PROBLEM REQUIREMENTS: Beginning with the first line of the data below, extract each line up to and including the one containing "Vue intérieure frontale". Copy them exactly and add nothing.

┌─ TASK DATA

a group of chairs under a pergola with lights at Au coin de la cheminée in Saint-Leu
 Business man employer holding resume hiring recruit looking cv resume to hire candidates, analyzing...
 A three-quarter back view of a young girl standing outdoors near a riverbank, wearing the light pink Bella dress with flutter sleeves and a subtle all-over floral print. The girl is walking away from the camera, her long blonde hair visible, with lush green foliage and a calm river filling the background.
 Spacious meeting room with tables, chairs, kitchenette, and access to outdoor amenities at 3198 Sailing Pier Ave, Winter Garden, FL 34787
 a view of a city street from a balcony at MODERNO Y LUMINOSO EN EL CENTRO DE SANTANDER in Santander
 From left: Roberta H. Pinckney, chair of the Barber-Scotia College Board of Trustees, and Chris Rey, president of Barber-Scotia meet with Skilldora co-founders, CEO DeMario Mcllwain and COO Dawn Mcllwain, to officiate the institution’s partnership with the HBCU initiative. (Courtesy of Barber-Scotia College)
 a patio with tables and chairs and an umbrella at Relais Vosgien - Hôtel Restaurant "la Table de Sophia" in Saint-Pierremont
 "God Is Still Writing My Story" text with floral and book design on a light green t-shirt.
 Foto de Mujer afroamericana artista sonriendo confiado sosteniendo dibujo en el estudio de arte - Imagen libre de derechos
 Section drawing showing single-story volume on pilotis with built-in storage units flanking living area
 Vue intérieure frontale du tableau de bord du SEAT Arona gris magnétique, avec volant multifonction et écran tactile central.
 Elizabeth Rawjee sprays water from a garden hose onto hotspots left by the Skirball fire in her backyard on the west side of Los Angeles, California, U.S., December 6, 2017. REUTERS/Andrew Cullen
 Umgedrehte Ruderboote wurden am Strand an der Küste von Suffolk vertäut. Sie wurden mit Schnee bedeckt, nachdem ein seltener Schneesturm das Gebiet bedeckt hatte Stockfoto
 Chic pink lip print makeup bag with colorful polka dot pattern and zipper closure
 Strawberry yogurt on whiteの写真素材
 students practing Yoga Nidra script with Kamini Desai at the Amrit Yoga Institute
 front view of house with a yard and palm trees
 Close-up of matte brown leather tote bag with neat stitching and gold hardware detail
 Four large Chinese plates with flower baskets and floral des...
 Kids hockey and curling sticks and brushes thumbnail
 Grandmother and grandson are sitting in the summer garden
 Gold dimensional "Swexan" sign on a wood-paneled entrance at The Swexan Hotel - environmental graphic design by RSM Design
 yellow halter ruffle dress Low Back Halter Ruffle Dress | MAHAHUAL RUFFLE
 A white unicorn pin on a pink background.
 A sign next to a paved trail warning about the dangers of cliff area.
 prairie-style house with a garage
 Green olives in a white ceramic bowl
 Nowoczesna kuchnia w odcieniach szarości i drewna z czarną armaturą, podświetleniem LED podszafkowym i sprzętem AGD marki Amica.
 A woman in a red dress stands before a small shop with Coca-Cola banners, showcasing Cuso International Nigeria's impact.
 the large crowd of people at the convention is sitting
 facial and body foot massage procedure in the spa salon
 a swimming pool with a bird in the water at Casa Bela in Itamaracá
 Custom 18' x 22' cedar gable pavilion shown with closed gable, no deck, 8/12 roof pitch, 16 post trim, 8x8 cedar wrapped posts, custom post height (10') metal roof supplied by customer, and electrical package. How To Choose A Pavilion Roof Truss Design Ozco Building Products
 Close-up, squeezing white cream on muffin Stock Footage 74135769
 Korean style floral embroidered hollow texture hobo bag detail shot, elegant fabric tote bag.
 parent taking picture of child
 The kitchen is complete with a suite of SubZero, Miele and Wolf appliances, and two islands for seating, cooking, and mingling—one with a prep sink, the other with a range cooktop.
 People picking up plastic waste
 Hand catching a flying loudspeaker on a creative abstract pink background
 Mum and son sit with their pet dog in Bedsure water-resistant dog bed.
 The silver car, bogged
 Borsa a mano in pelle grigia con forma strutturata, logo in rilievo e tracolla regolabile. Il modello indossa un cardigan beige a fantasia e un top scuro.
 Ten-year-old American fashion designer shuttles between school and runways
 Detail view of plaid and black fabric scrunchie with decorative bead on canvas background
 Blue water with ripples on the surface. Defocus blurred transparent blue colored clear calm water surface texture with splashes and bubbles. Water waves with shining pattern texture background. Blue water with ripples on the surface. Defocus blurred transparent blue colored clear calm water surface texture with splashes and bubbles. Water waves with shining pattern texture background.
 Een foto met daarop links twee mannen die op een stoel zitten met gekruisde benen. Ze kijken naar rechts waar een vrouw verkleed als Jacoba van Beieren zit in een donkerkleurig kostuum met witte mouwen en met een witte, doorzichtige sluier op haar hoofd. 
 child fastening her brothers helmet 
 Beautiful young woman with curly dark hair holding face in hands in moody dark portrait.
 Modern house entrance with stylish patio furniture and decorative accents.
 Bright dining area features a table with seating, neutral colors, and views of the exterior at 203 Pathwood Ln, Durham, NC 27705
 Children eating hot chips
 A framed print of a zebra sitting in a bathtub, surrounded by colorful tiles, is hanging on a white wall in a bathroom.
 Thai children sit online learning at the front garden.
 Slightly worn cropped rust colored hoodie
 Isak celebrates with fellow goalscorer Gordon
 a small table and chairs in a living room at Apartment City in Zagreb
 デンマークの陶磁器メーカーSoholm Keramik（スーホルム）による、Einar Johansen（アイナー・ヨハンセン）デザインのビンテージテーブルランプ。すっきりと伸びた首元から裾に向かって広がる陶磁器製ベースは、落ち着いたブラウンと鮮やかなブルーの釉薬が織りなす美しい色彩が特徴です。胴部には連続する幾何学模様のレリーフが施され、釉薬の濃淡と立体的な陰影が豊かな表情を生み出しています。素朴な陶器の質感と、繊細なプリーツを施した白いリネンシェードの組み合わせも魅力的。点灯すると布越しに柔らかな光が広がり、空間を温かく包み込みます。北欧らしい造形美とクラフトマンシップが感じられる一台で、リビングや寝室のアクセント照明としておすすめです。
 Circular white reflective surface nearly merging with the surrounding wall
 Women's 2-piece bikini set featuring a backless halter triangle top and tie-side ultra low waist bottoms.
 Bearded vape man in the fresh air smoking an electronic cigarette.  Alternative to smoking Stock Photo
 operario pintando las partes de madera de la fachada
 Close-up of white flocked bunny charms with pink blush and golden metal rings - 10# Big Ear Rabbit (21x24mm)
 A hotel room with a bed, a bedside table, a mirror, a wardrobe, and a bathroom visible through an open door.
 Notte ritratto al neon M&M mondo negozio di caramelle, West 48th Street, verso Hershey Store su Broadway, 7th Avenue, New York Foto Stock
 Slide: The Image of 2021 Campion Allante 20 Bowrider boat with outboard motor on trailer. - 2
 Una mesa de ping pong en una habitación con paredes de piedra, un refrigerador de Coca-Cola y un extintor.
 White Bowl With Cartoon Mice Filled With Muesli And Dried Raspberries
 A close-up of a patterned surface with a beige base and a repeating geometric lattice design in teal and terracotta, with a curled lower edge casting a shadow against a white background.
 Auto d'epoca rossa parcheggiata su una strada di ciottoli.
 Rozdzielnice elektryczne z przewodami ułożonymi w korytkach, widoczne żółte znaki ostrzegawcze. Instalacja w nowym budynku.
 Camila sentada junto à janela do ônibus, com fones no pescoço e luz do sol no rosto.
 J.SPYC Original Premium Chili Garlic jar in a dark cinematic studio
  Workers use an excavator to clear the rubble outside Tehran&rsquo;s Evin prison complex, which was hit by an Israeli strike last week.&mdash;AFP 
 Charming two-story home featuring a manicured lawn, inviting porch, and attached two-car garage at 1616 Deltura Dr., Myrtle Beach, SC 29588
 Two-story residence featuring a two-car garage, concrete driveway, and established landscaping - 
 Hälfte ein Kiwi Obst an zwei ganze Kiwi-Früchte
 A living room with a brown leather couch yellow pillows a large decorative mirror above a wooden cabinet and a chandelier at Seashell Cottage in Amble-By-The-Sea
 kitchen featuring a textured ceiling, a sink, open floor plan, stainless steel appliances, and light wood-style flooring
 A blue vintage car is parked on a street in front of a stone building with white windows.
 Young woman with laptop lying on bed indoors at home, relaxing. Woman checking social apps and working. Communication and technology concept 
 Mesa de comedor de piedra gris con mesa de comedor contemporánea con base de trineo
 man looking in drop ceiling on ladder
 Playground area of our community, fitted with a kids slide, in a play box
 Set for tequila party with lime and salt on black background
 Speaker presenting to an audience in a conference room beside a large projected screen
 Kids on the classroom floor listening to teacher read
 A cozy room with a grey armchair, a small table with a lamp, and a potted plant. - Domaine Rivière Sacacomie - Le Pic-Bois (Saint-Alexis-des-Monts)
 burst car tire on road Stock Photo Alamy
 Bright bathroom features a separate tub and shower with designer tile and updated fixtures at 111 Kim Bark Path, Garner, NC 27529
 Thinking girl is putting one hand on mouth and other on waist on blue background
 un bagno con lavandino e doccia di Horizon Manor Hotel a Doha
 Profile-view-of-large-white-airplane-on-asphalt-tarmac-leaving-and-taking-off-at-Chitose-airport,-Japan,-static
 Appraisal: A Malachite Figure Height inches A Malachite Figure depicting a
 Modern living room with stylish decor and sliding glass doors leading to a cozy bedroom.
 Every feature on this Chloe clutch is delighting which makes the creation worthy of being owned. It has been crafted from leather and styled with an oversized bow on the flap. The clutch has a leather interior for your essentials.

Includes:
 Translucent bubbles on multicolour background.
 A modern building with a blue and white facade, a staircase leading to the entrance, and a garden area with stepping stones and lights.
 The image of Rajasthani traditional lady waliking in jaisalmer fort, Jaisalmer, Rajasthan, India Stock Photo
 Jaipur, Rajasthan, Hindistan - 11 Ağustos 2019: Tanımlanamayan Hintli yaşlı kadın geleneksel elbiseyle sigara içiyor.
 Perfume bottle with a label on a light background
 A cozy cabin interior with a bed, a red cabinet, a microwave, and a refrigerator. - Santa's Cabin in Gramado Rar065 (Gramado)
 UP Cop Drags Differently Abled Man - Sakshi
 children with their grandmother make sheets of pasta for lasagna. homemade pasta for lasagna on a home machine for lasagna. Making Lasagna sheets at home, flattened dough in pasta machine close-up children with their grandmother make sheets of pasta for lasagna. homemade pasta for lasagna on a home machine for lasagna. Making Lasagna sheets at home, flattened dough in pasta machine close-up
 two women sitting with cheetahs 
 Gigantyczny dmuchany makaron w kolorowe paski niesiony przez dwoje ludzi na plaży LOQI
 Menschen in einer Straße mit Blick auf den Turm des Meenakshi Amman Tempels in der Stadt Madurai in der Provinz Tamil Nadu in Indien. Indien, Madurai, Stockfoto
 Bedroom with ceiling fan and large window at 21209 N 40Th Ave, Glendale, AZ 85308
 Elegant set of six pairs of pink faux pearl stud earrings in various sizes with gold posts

└─

WRITTEN ANSWER:
a group of chairs under a pergola with lights at Au coin de la cheminée in Saint-Leu
 Business man employer holding resume hiring recruit looking cv resume to hire candidates, analyzing...
 A three-quarter back view of a young girl standing outdoors near a riverbank, wearing the light pink Bella dress with flutter sleeves and a subtle all-over floral print. The girl is walking away from the camera, her long blonde hair visible, with lush green foliage and a calm river filling the background.
 Spacious meeting room with tables, chairs, kitchenette, and access to outdoor amenities at 3198 Sailing Pier Ave, Winter Garden, FL 34787
 a view of a city street from a balcony at MODERNO Y LUMINOSO EN EL CENTRO DE SANTANDER in Santander
 From left: Roberta H. Pinckney, chair of the Barber-Scotia College Board of Trustees, and Chris Rey, president of Barber-Scotia meet with Skilldora co-founders, CEO DeMario Mcllwain and COO Dawn Mcllwain, to officiate the institution’s partnership with the HBCU initiative. (Courtesy of Barber-Scotia College)
 a patio with tables and chairs and an umbrella at Relais Vosgien - Hôtel Restaurant "la Table de Sophia" in Saint-Pierremont
 "God Is Still Writing My Story" text with floral and book design on a light green t-shirt.
 Foto de Mujer afroamericana artista sonriendo confiado sosteniendo dibujo en el estudio de arte - Imagen libre de derechos
 Section drawing showing single-story volume on pilotis with built-in storage units flanking living area
 Vue intérieure frontale du tableau de bord du SEAT Arona gris magnétique, avec volant multifonction et écran tactile central.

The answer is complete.